Work stealing has proven to be an effective method for scheduling parallel programs on multicore computers. To achieve high performance, work stealing distributes tasks between concurrent queues, called deques, which are assigned to each processor. Each processor operates on its deque locally except when performing load balancing via steals. Unfortunately, concurrent deques suffer from two limitations: 1) local deque operations require expensive memory fences in modern weak-memory architectures, 2) they can be very difficult to extend to support various optimizations and flexible forms of task distribution strategies needed many applications, e.g., those that do not fit nicely into the divide-and-conquer, nested data parallel paradigm. For these reasons, there has been a lot recent interest in implementations of work stealing with non-concurrent deques, where deques remain entirely private to each processor and load balancing is performed via message passing. Private deques eliminate the need for memory fences from local operations and enable the design and implementation of efficient techniques for reducing task-creation overheads and improving task distribution.
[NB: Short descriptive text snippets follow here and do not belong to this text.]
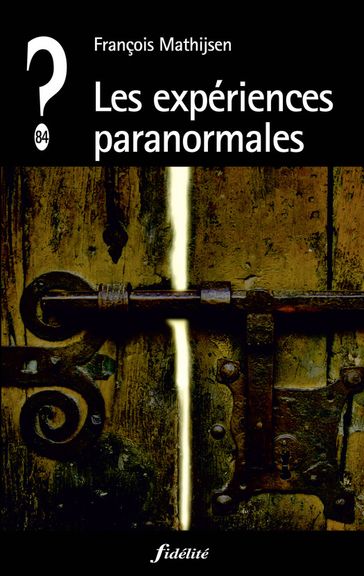 Les expériences paranormales - François Mathijsen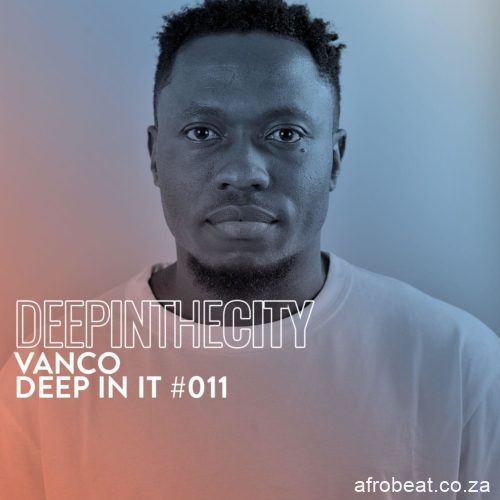 Vanco – Deep In It 11 Deep In The City Hiphopza - Vanco – Deep In It #11 (Deep In The City)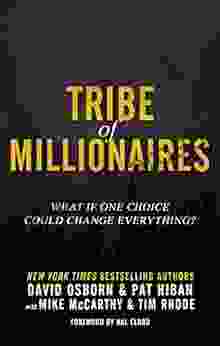 Tribe Of Millionaires: What If One Choice Could Change Everything?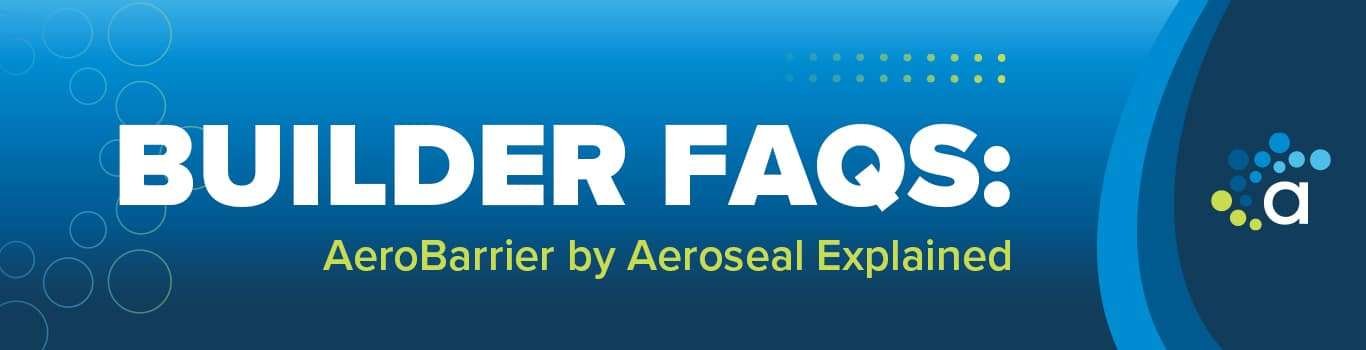 Builder FAQs: AeroBarrier by Aeroseal Explained – Header image with blue gradient background, large white text for 'Builder FAQs,' and Aeroseal logo on the right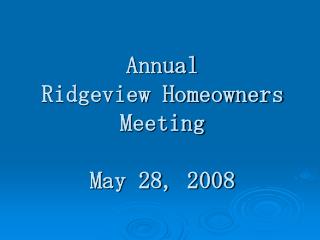 Annual Ridgeview Homeowners Meeting May 28, 2008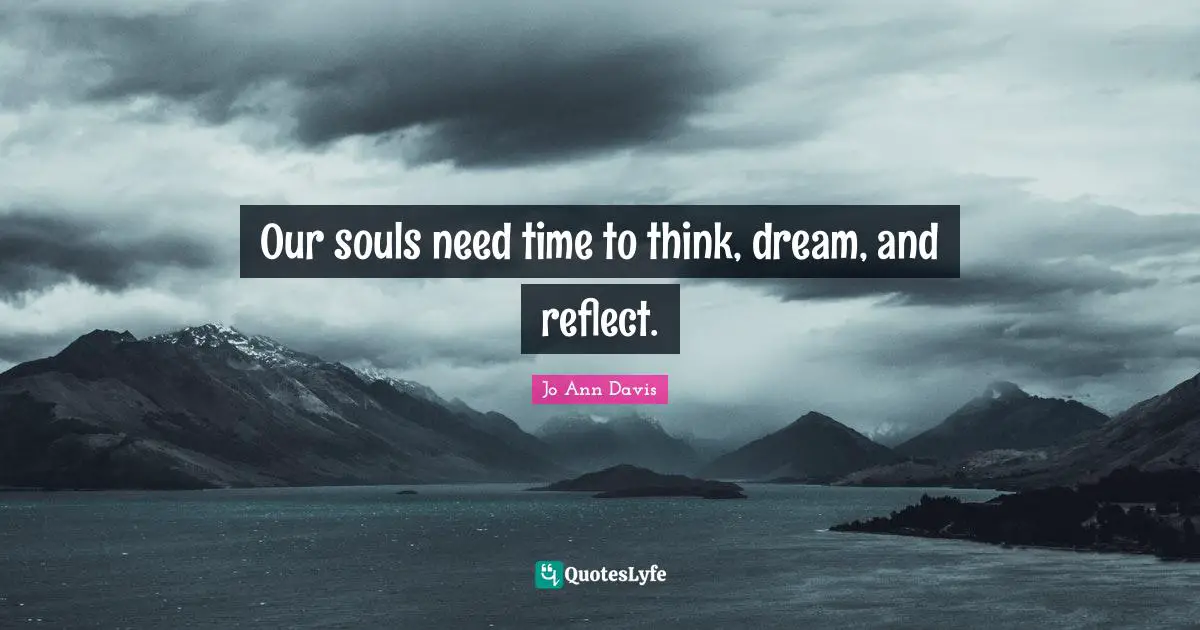 Our souls need time to think, dream, and reflect.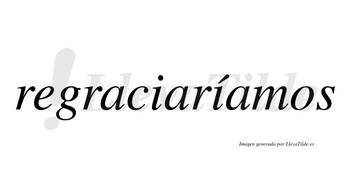 Regraciaríamos  lleva tilde con vocal tónica en la segunda «i»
These advantages, however, come at the cost of communication. It is not known whether work stealing with private deques enjoys the theoretical guarantees of concurrent deques and whether they can be effective in practice. In this paper, we propose two work-stealing algorithms with private deques and prove that the algorithms guarantee similar theoretical bounds as work stealing with concurrent deques. For the analysis, we use a probabilistic model and consider a new parameter, the branching depth of the computation. We present an implementation of the algorithm as a C++ library and show that it compares well to Cilk on a range of benchmarks. Since our approach relies on private deques, it enables implementing flexible task creation and distribution strategies. As a specific example, we show how to implement task coalescing and steal-half strategies, which can be important in fine-grain, non-divide-and-conquer algorithms such as graph algorithms, and apply them to the depth-first-search problem.